CarePilot: A Multi-Agent Framework for Long-Horizon Computer Task Automation in Healthcare
Akash Ghosh, Tajamul Ashraf, Rishu Kumar Singh, Numan Saeed, Sriparna Saha, Xiuying Chen, Salman Khan
2026-03-26
Summary
This paper introduces a new way to automate complex tasks in healthcare using artificial intelligence, specifically focusing on things like looking at medical images, using electronic health records, and managing lab results.
What's the problem?
Currently, AI systems that can automate tasks are good at simple, quick things, like responding to commands on your phone. However, they struggle with longer, more complicated tasks that require remembering steps and understanding the context, especially in specialized fields like healthcare where things are very detailed and require precise actions across multiple computer programs. Existing AI models just aren't very good at handling these long, multi-step workflows in a medical setting.
What's the solution?
The researchers created a new system called CarePilot.
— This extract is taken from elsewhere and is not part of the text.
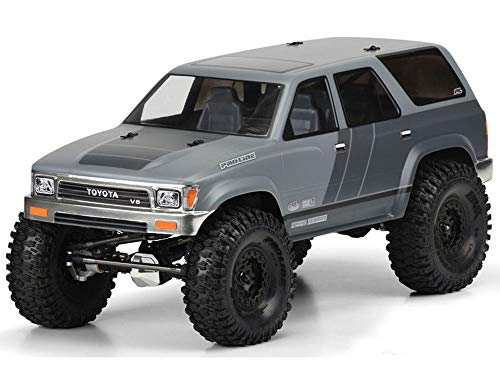 1/10 1991 Toyota 4Runner Clear Body 12.3" (313mm) Wheelbase Crawlers von Pro-Line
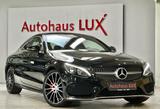 Mercedes-Benz C 200 AMG-LINE*LED*NAVI*AMBIENTE*19°*NUR 84TKM* - Mercedes-Benz C 200 mit Benzin-Antrieb: Sportwagen, Automatik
It works by using multiple 'agents' that learn through trial and error, similar to how humans learn. One agent, the 'Actor,' tries to predict the next best action to take based on what it sees on the screen and the current state of the system, using both short-term memory of recent actions and long-term memory of past experiences. Another agent, the 'Critic,' evaluates how good that action was and provides feedback to help the Actor improve. This process repeats, allowing the system to get better and better at completing complex medical tasks. They also created a new dataset, called CareFlow, to test and train these kinds of systems.
Why it matters?
This research is important because it paves the way for AI to take on more responsibility in healthcare, potentially reducing the workload on doctors and nurses and improving patient care. By creating a system that can reliably automate complex medical workflows, it could lead to faster diagnoses, more efficient treatment plans, and fewer errors. It’s a step towards making healthcare more accessible and efficient through the power of AI.
Abstract
Multimodal agentic pipelines are transforming human-computer interaction by enabling efficient and accessible automation of complex, real-world tasks. However, recent efforts have focused on short-horizon or general-purpose applications (e.g., mobile or desktop interfaces), leaving long-horizon automation for domain-specific systems, particularly in healthcare, largely unexplored. To address this, we introduce CareFlow, a high-quality human-annotated benchmark comprising complex, long-horizon software workflows across medical annotation tools, DICOM viewers, EHR systems, and laboratory information systems. On this benchmark, existing vision-language models (VLMs) perform poorly, struggling with long-horizon reasoning and multi-step interactions in medical contexts. To overcome this, we propose CarePilot, a multi-agent framework based on the actor-critic paradigm. The Actor integrates tool grounding with dual-memory mechanisms (long-term and short-term experience) to predict the next semantic action from the visual interface and system state. The Critic evaluates each action, updates memory based on observed effects, and either executes or provides corrective feedback to refine the workflow. Through iterative agentic simulation, the Actor learns to perform more robust and reasoning-aware predictions during inference. Our experiments show that CarePilot achieves state-of-the-art performance, outperforming strong closed-source and open-source multimodal baselines by approximately 15.26% and 3.38%, respectively, on our benchmark and out-of-distribution dataset.